For years I have felt that something is wrong with me, that I feel I am "less than" others. It seeps into my life and soon everything I think is filtered through this thought. And then life circumstances come along, which seem to verify the lie, and the common denominator is me, so then it is true. There really is something wrong with me. So when people say something nice to me there must be a catch...or they want something from me. I find it hard to admit mistakes and I need to be "right" so I don't feel so bad. My emptiness grows through my life experiences which I am living through the warped distorted lenses of my initial lie "that there is something wrong with me."

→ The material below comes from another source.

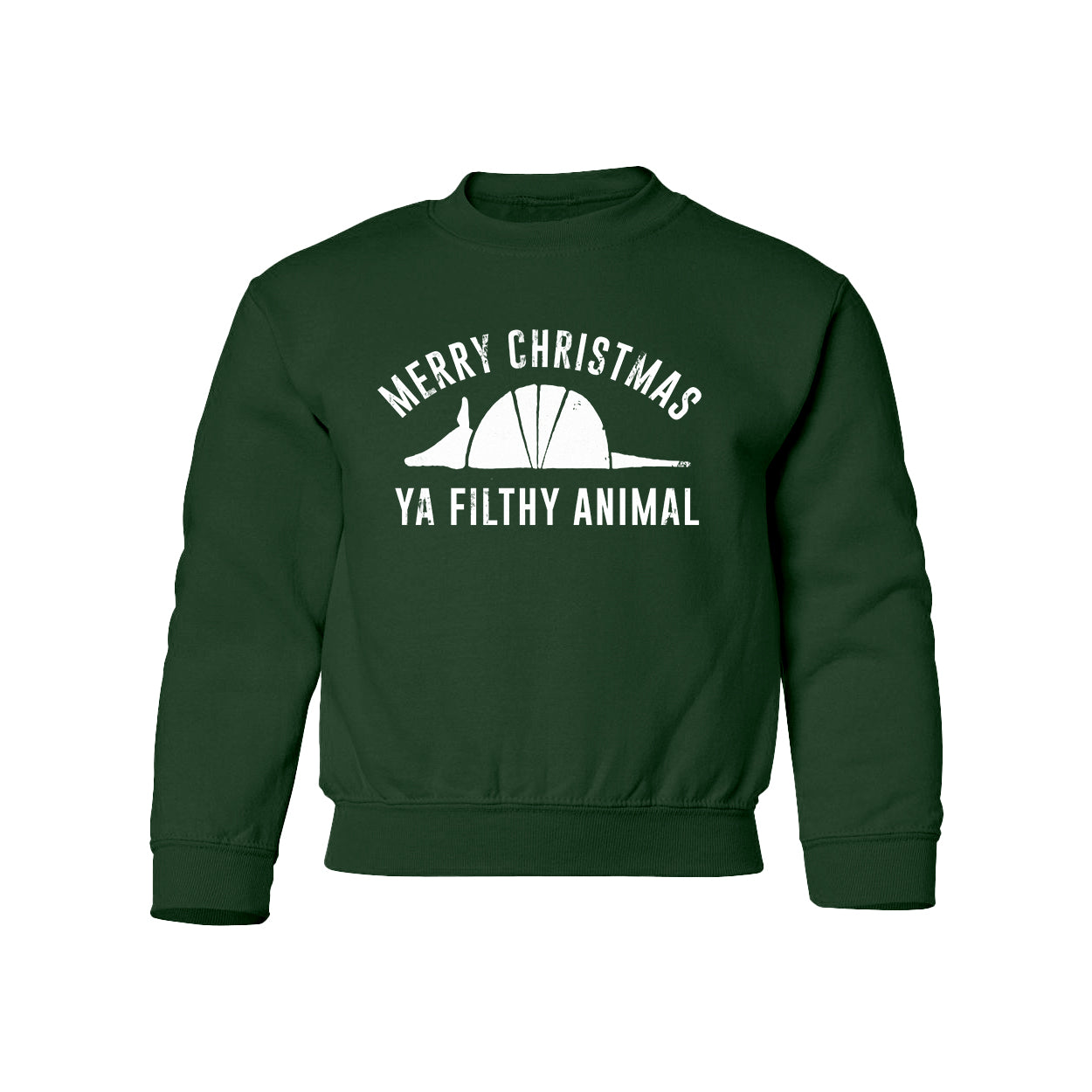 Merry Christmas Ya Filthy Animal Green Sweatshirt (YOUTH)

Of course this shame does not just come in this one form, that would be just too simple. Next it is "if I just could go on a warm vacation I would feel better" or "if we had another car, a bigger house, a boat, a skiidoo...." fill in the blank, its endless. "If I had a better job, lost weight, my kids loved me..." I can not believe that I can be loved, adequate and accepted for free. I continually think that I have to earn or repay anything I receive from others or God, I need to do more and work harder. I struggle with accepting gifts, compliments or just about any good thing...I might let it in my head but most definitely shut it out of my heart. And then even knowing what I like or want in life becomes difficult to figure out...cause this lie just keeps growing, just like the mold.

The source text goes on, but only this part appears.